(first posted 2/3/2013) In the history of the Russian automobile industry, there were moments of light that punctuated the years and decades of drab. Clearly, this Moskvitch 2142 Prince Vladmir is not one of its more brilliant moments, especially when you consider that it was built from 1998 – 2002, the year its maker finally went belly-up. Its appearance at the Cohort, posted byDeeTwoAr, is auspicious, since its body was based on the Simca 1307/Chrysler 150 of just a few posts ago (although I would never have guessed so in the case of the notchback 2142). While doing a little research to dig up more history on these cars, I came upon the full-Brougham version, the Ivan Kalita. Are you sitting down?
Just to set the story a bit, the Moskvitch 2141 Aleko was a milestone car for the company, its first modern FWD product after decades of old (but beloved) RWD Mossies. As is quite apparent, from the A-Pillar back the Alekos body comes from the Simca 1307. From the many European cars Moskvitch evaluated for their plans to enter the modern world, the Simca was deemed suitable; however, it didn’t help morale among the engineers when they acquired the rights to build it instead of using it as the inspiration for a new, home-grown body.
But under the skin, the Aleko is much more Audi in terms of its longitudinal engine placement, which was necessitated because the Moskvitch four was too large to fit sideways; the suspension also cribs from Audi. The Aleko finally went into production in 1986, and was built in numerous versions until Moskvitch’s end, in 2002.

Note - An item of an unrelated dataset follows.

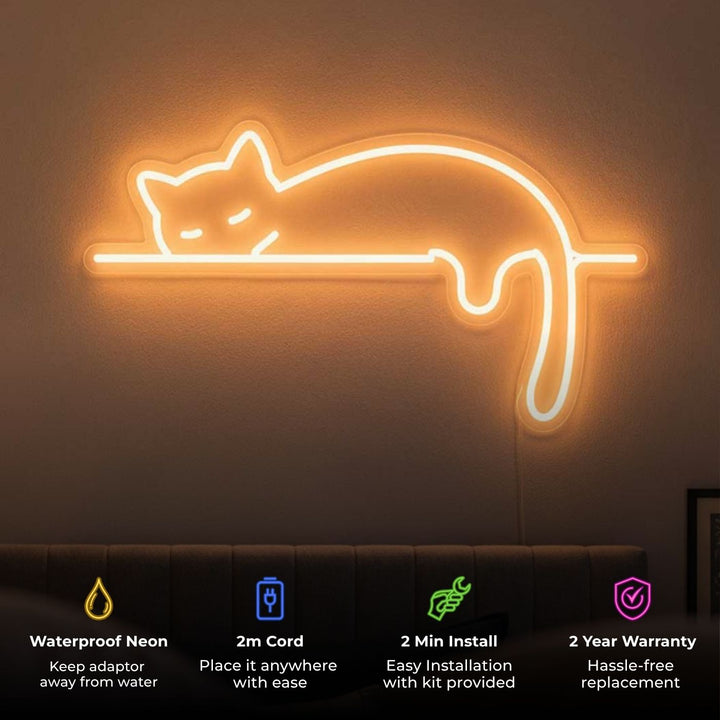 Handmade "Sleeping Cat" Neon Light Sign Board for Bedroom Wall Decor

The 2142 was an obvious attempt to take the Aleko platform upscale by adding 20 mm to the wheelbase. Presumably, that explains the odd fixed glass in the rear window; clearly, it was cheaper to graft it onto an extended door (and keep the existing movable window pane and mechanism) than to tool up for a proper new one. There were three versions: the Prince Vladmir, shown at the top as a mid-level sedan–and then there was this, the Ivan Kalita, the Brougham of Moskvitchs.
Here’s a side view. But it gets better still:
If the wheelbase can be enlarged, it can also be shortened–drastically, even. Here’s the 2142 Duet:
Would anyone guess that this started out as a Simca 1307? Let’s just say Moskvitch’s attempts to cash in on the new-found wealth in Russia was not successful. A Mercedes 500SL, this ain’t.